10. Not a pizza restaurant. And not because we can't find one. Dig is not in love with St Ives. I can tell. Perhaps he feels like too much of a tourist. Or not enough of one. He thinks the restaurants are too crowded, and noisy, and there are too many young people in them. I tell him it is not as bad as Newquay where I am too old for the beach by some 30 years and there is a curfew out on anyone aged older than 25 by reason of age being way too uncool. We decide to drag our offspring and our geriatric carcases back to the van via a chip shop. Which seems a very suitable thing to do in the pouring rain.

3 comments:

Suburbia said...

Oh dear!

sharon said...

More examples of Sod's Law at work. There are a couple of places in Devon (I think we were in Devon at the time, you'd never guess I passed my Geography GCE) that do not allow private cars etc. Clovelly is one. It is really lovely although best seen outside of 'tourist season'. I can't remember the other place name.
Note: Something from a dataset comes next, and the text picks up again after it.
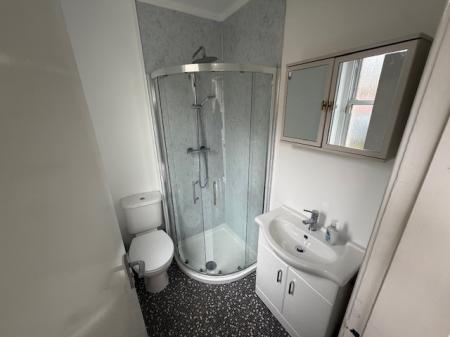 2 bedroom Flat to let in South Street West, Leslie, Glenrothes, KY6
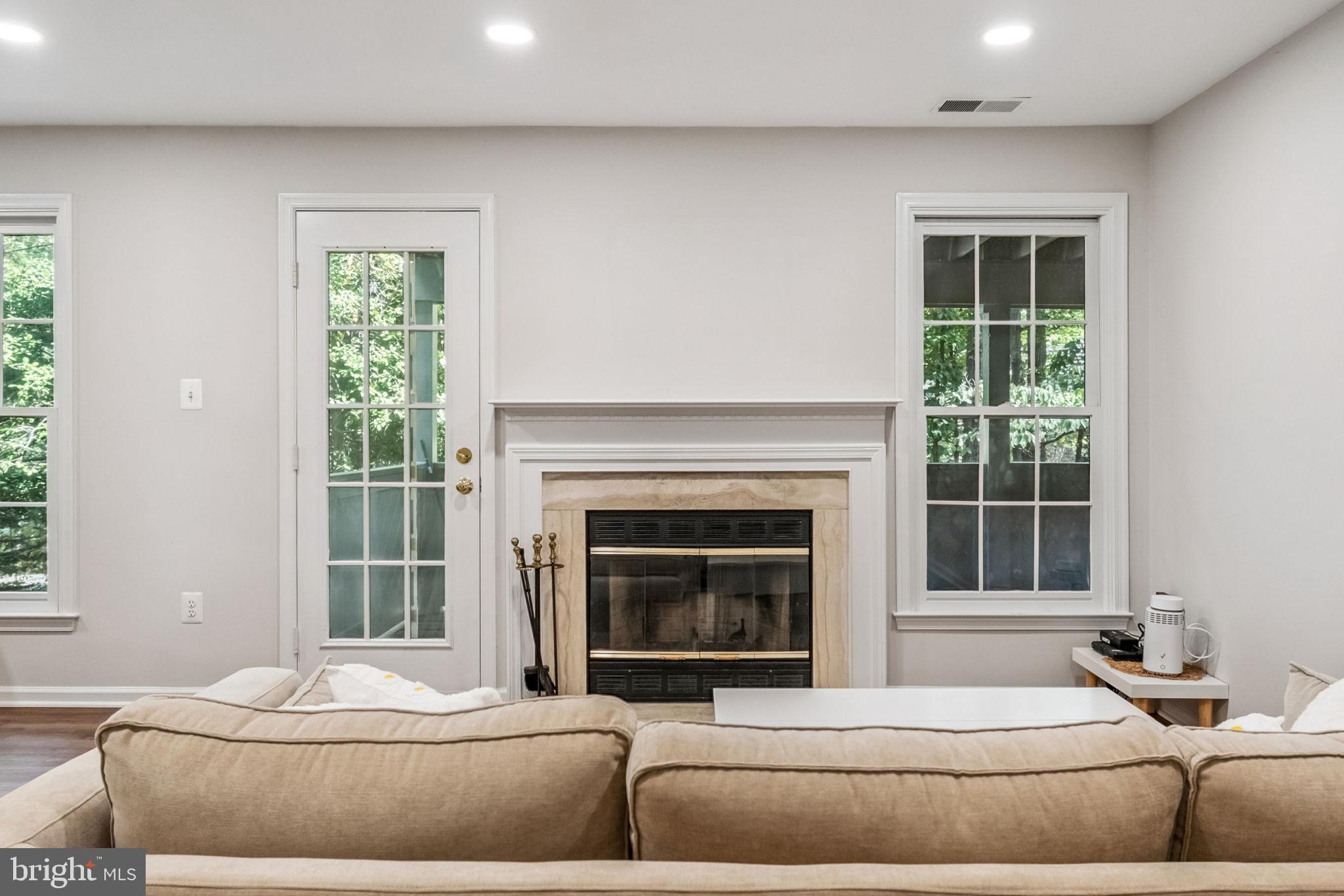 HAMPTON POINTE - Residential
It may have been Lynmouth..? I know that they were places we could stop obsessing over our younger son who moved like lightening and was seldom where you wanted him to be.

Elibee said...

Why did you mention St Ives, I had completely blanked out it's existence after a seagull did a runner with the chip I was about to eat and while I was frozen with shock a fierce teenager shouted at me for feeding the seagulls and encouraging them to snatch food from unsuspecting tourists.

Listen to Sharon, go north to Clovelly and stay at the Red Lion, better class of seagull.